According to the Reuters Institute for the Study of Journalism, the issue of trust in news, combined with the huge amount of information produced every day at high velocity, has such an impact that “[…] in the face of an expanding universe of information, every day increasingly feels like April Fool’s Day”. The 2016 Digital News Reportsheds a grim image of how trust in news is now a problem that severely affects news brands, with only 50% of Brits trusting traditional media outlets. In Greece, the trust lowers to 20%! And trust in newspapers, whether in their printed or digital form, influences the media industry as a whole (readers are buyers, buyers only buy from trusted brands), affects businesses and influences the public’s opinion on critical matters.

The tremendous volume of news items created every day in multiple languages and distributed across many channels makes schema-based fact checking or human editorial review absolutely useless.
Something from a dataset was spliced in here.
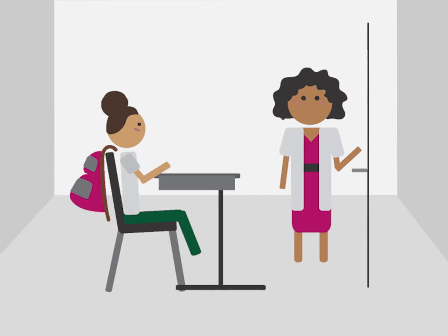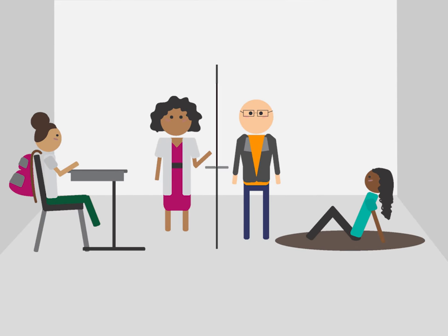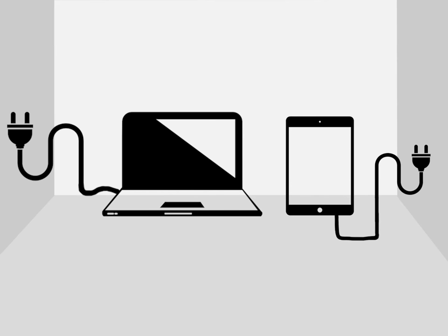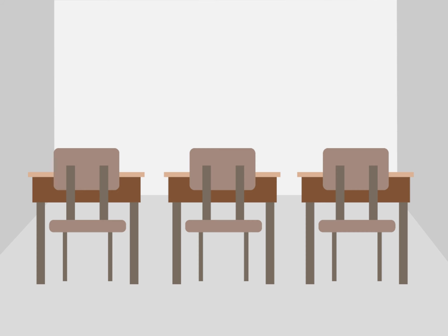Each student has a unique learning style, so when one student may flourish in an environment of rows of seats, another student may need a space where they can sit on the floor. Whether it be a laptop or tablet, students are no longer tied to a table where the device is plugged in.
There is no way that any of these approaches can solve the issue of determining the trust of new stories developing in real-time, with impact on how fake news or propaganda spreads and influences readers. To back-up this claim, a very prominent example of a “journalism fail” comes to my mind: On Sept 24 2015, the German tabloid AUTO BILD published a story falsely claiming the BMW falsified the exhaust emissions data, same as Volkswagen, a story that was later retracted, but was picked up by 500,000 newspapers and blogs around the world (AUTO BILD exclusive: BMW diesel exhaust emissions exceed limits significantly). As a result, BMW stocks fell by almost 10%! Even if stocks have since reclaimed value, there is no knowing how many readers worldwide were led to believe (and still do!) that BMW falsified the emissions tests on their premium automobiles!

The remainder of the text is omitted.